Publishing had recognized the time was ripe to confront authority and assert its own. Fanny Hill, the “pornographic” novel written in a debtor’s prison when George Washington was still a seventeen-year-old frontier surveyor, was published in the United States and the UK for the first time, breaching obscenity laws and directly challenging lawmakers.
All this happened in 1963, facts in a timeline that this book draws together for an indisputable declaration—this one year changed our world.
Our contributors are the people who lived it. We learned that the Beatles were refused entry to a northern England nightclub in the winter of 1963 because they wore leather jackets. One year later they were headlining for an audience of seventy-three million in America. We discovered that a bunch of kids who’d formed a band called the Dave Clark Five to sing at bar mitzvahs and raise money for a soccer game had begun 1963 belting out songs in a north London dance hall for twenty-five pounds a week.
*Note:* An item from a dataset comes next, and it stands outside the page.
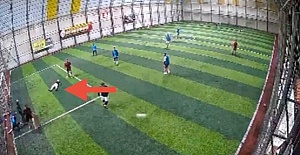 Sahada Kalp Krizi Geçiren Kişi Hayatını...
Little more than two years later, they were invited aboard Air Force One to shake hands with President Lyndon B. Johnson: the most powerful man in the world wanted their autographs.
We interviewed the remarkable woman, who, in 1963, equipped with little more than looks and a libido, found herself partying with aristocrats and politicians and at the center of a sex scandal—the Profumo Affair—that brought down the British government. She found herself hounded by Scotland Yard and dragged before Britain’s High Court. Confronted by the loftiest powers in the realm, this seventeen-year-old arrived at the courthouse decked out in her finest, hair coiffed, and waved to the rubbernecking crowds with chutzpah that only the youth of the day could conjure.
Lord Astor, one of the most senior peers of the realm, denied that he’d slept with her. But when confronted with his denial in court, she slapped down one of the most preeminent trial lawyers of the day with a simple, disdainful response: “Well, he would, wouldn’t he?” The phrase soon passed into popular culture. And hers was just one voice among a multitude that would prompt Vogue’s editor in chief, Diana Vreeland, to label 1963 “the year of the youthquake.”
Scores of household names who have achieved global recognition gave us their time and support. The inspirational Vidal Sassoon, knowing he had only days left to live, entertained us at lunch in his home high up on Mulholland Drive. Looking out over the citadel of fame that is Hollywood, he shared his own memories of 1963 in what was to be his last interview. Eric Clapton, Keith Richards, Jeff Lynne, and Carly Simon, towering talents who shy from publicity, recognized the need for a book that put their youth into perspective and generously contributed their time to this project.
It’s said that if you can remember the sixties, you weren’t there. Our contributors’ stories expose this received wisdom as no more than a trite reference to the drug culture that emerged as a consequence of 1963 and the youthquake.
This is the oral history of that year, told by the men and women who, with guitars, cameras, pens, brushes, scissors—and even mere notoriety—endowed youth with universal and democratic membership in a new meritocracy. In 1963, youth no longer waited, cap in hand, for an invite to the best tables—they simply built their own banquet hall.